Abdul Rauf, for example, describes himself as “both a Muslim and an American citizen, as proud of the important and fundamental principles that America stands for as I am the important and fundamental principles for which Islam stands.”

In fact, Abdul Rauf argues, the reason so many Muslims flee their native countries to come here is because the United States is actually more true to Islamic principles of “human equality, human liberty and social justice” than many so-called Islamic societies.

He proclaims himself a patriotic American, and has harshly condemned violent extremists who cite Islam as their inspiration. September 11, Abdul Rauf says, is “a day that will live in infamy,” noting that “no nation could suffer such an assault without responding in a very robust way.” In the wake of bombing attacks in Great Britian in 2005, he expressed “a sense of deep revulsion,” said that true Muslims “naturally condemn the brutal attacks in London in the most unequivocal terms,” and urged British Muslims to cooperate with law enforcement in identifying and capturing those involved.

Abdul Rauf has also worked tirelessly to promote better relations among the Jewish, Christian and Islamic faiths. Rabbi Rabbi David Rosen, who heads the American Jewish Committee’s international interreligious affairs department in Jerusalem, calls him “an important voice of moderation,” and Jewish Week has lauded him as “a key voice of reason among Muslim leaders here.”

In 2003, Abdul Rauf joined Rabbi Israel Singer, chairman of the World Jewish Congress, along with members of the Israeli Knesset and Palestinian leaders, in an initiative to bring moderate Palestinians and Israelis together to try to find common ground.

In his 2004 book, “What’s Right with Islam is What’s Right with America,” Abdul Rauf writes that the future of Islam will depend on its acceptance of a form of democratic capitalism. Toward that end, he stresses the emergence of what he calls an “American Islam.” Catholic immigrants, he notes, came to this country and in time created a distinctive American Catholicism, which in turn influenced Catholicism as a whole. Jewish immigrants likewise created a distinctly American version of Judaism, which has also influenced the larger faith.

The creation of an American Islam, Abdul Rauf believes, can help modernize Islam globally and in the process ease the strains between his adopted country and his faith.

Abdul Rauf is, in other words, everything that critics of Islam claim they want to see. More importantly, his moderate, pro-American message has proved so appealing to fellow U.S. Muslims that his mosque has outgrown its origins in a lower Manhattan storefront and needs to expand. He and his congregation envision a 13-story complex on Park Street in lower Manhattan, modeled after the 92nd Street YMCA and the Jewish Community Center in New York. The facility would include a community center, auditorium, mosque, swimming pool and restaurants.

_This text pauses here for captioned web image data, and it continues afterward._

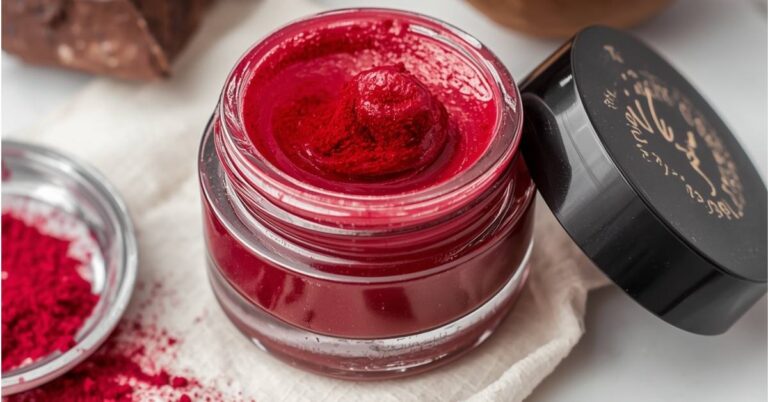 Homemade beetroot lip balm recipe in a glass cosmetic jar made with shea butter, cocoa butter, coconut oil, sweet almond oil, and beetroot powder.
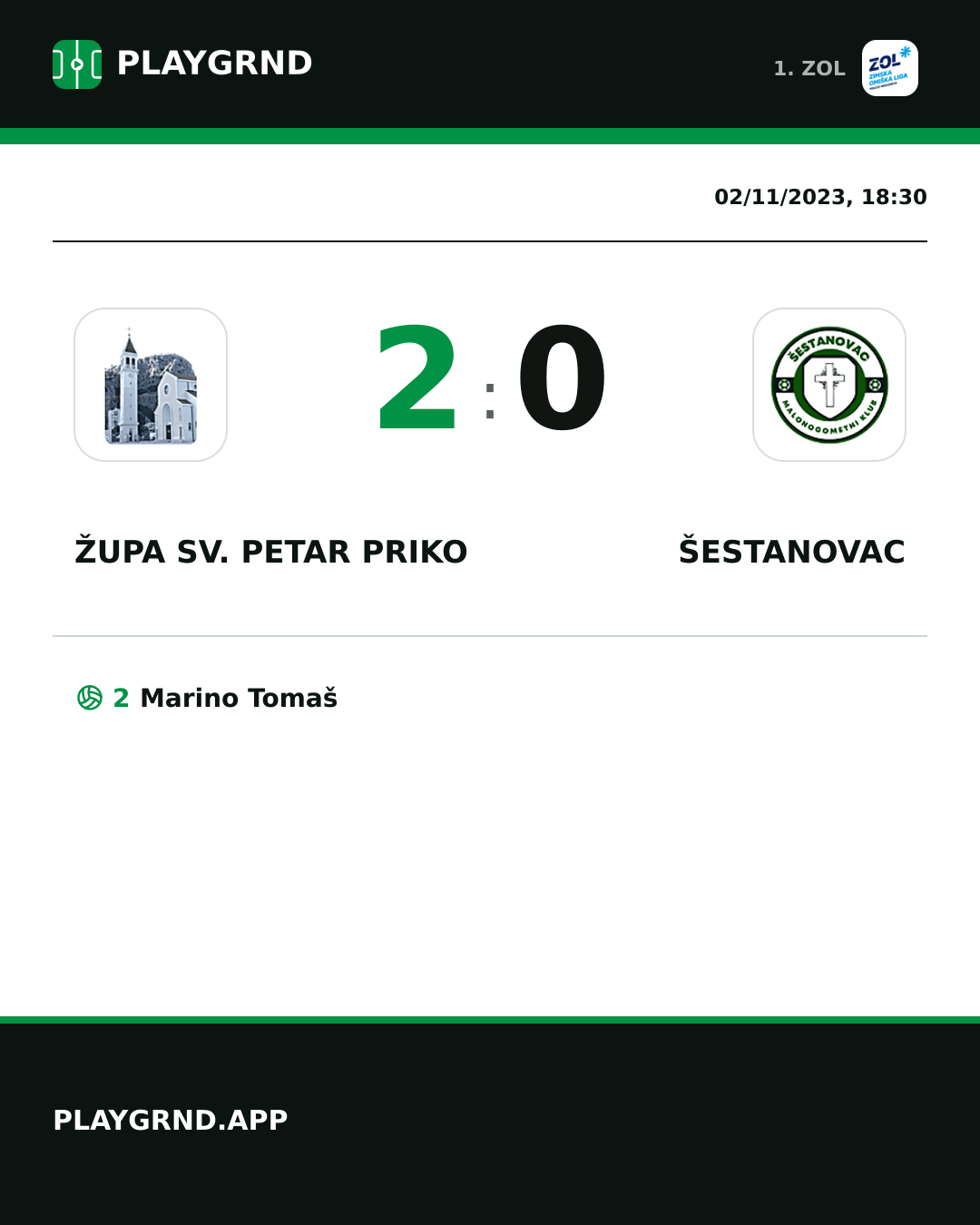 Instagram artwork: Župa Sv. Petar Priko 2:0 Šestanovac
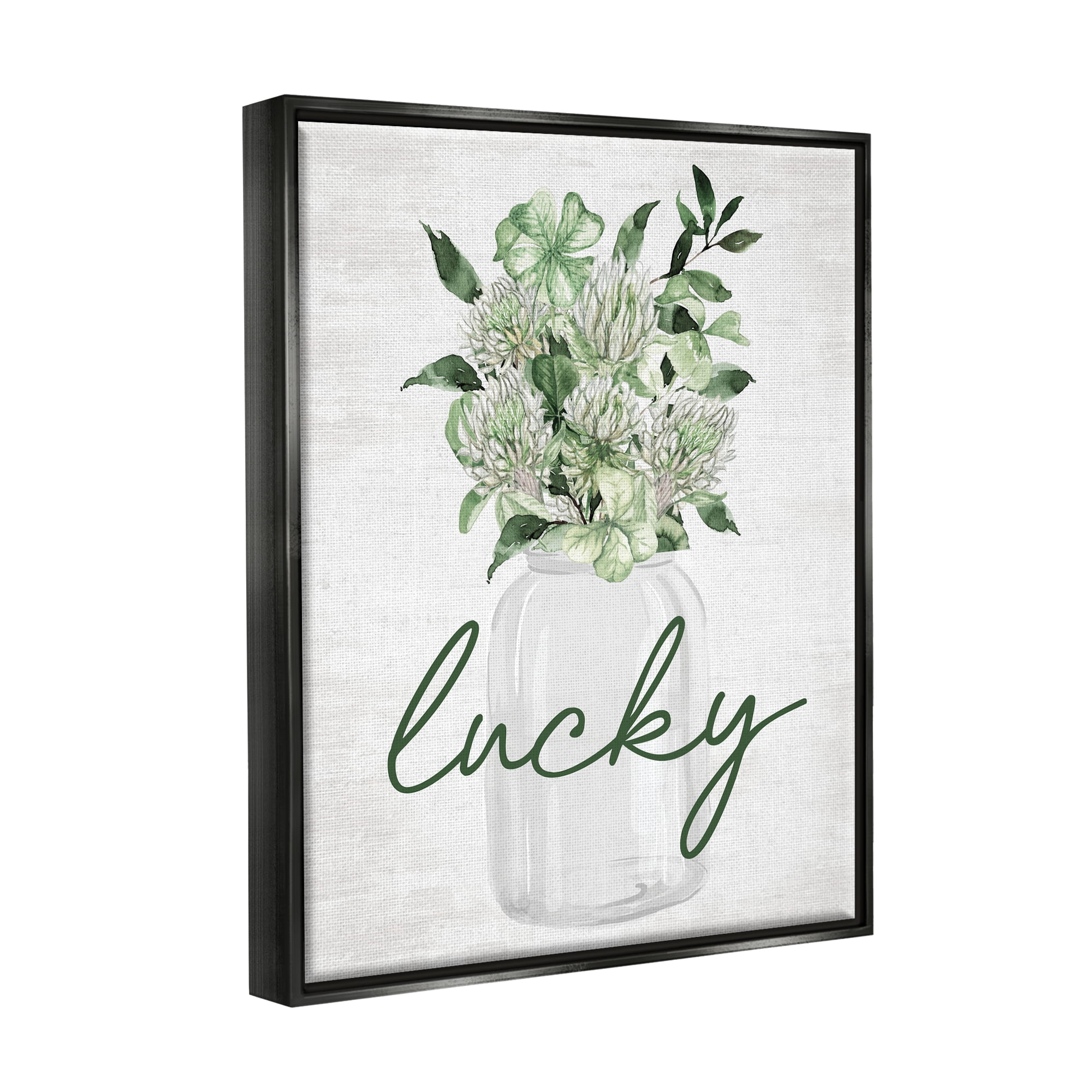 Stupell Industries Lucky Clover Herb Bouquet Botanical & Floral Painting Black Floater Framed Canvas Art Print Wall Art, 25 x 31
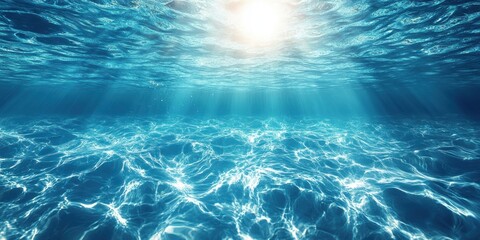 Underwater View of Sunbeams Shining Through Rippling Blue Water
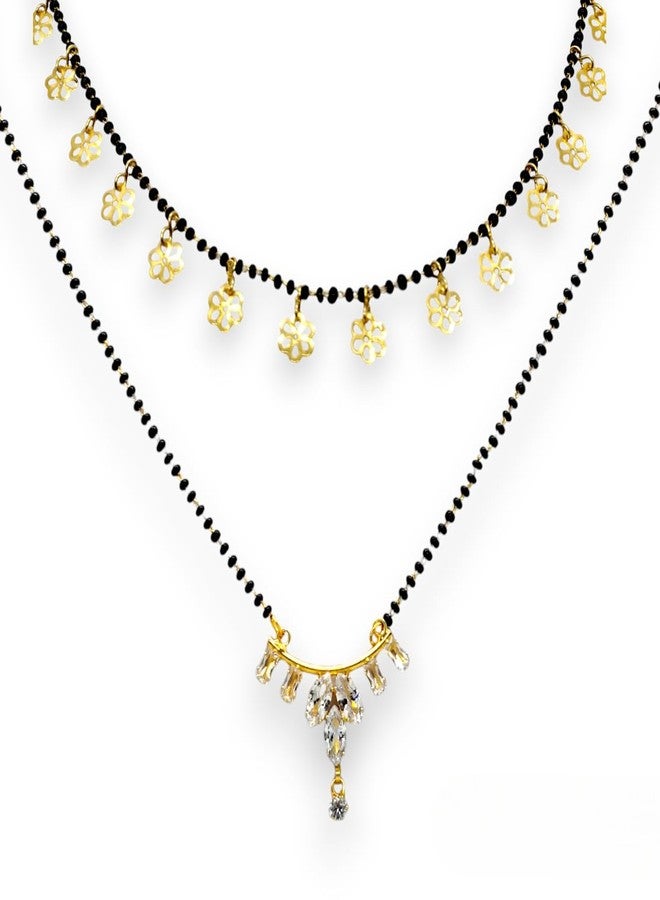 Elleva Small Mangalsutra for Women and Girls Stylish New Combo | Gold Plated Jewellery Set Traditional for Weding, Golden, Set of 2 (Pack of 1) - Image 1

The local community board in lower Manhattan, which no doubt includes many who experienced September 11 firsthand, has voted 29-1 to approve the project’s construction, strong testimony to the faith they have in Abdul Rauf’s mission.

“I think they need to establish a place such as this for people of goodwill from mainline Christian, Jewish and Muslim faiths so we can come together to talk,” said Father Kevin Madigan of St. Peter’s Catholic Church, located a block away from the proposed facility.

In some circles, however, Abdul Rauf’s proposed mosque has become better known as the “Ground Zero mosque.” (It is actually located two city blocks away from Ground Zero, with no view of the site.) Both Abdul Rauf and the proposed project have become the target of a vicious, concerted smear motivated in part by irrational if sincere fear, and in part by cynical opportunists who hope to profit by that fear.

The ad above, for example, was put together by the Republican National Trust PAC. The group supposedly tried to buy air time to put the ad on CBS and NBC but was rejected. (The Republican National Trust is a major player in the PAC world. In the 2008 cycle, it spent more than $8 million trying to beat Barack Obama, plus another $434,000 helping to elect Saxby Chambliss here in Georgia.)

Interestingly, there is no indication that RNTPAC tried to place the ad on Fox News, which makes sense for a couple of reasons. A rejection by Fox would have undercut the group’s effort to depict itself as a victim of liberal censorship. And besides, why pay for something that you’re going to get for free anyway?

palin’s+mosque+tweet+7-17-2010
Fox has played a major role in ginning up conservative opposition to the mosque. Sean Hannity has shown the ad on his Fox show, condemning Abdul Rauf as an “extremist” and a champion of “radical Islam.” Sarah Palin has gotten involved, using Twitter to beg “peaceful Muslims” to “refutiate” the mosque, as if to imply that Abdul Rauf must be a member of al Qaida.

Rick Lazio, the GOP candidate for governor in New York, has come out in opposition to the mosque, trying to use the issue to boost his campaign. That led the Port Authority Police Benevolent Association to rebuke Lazio, warning that “for any candidate for public office to politicize Ground Zero shows a lack of respect to the families, who will forever live with the terrible memory of that dark day…. This conduct forsakes the memory of all those who lost their lives on September 11th.”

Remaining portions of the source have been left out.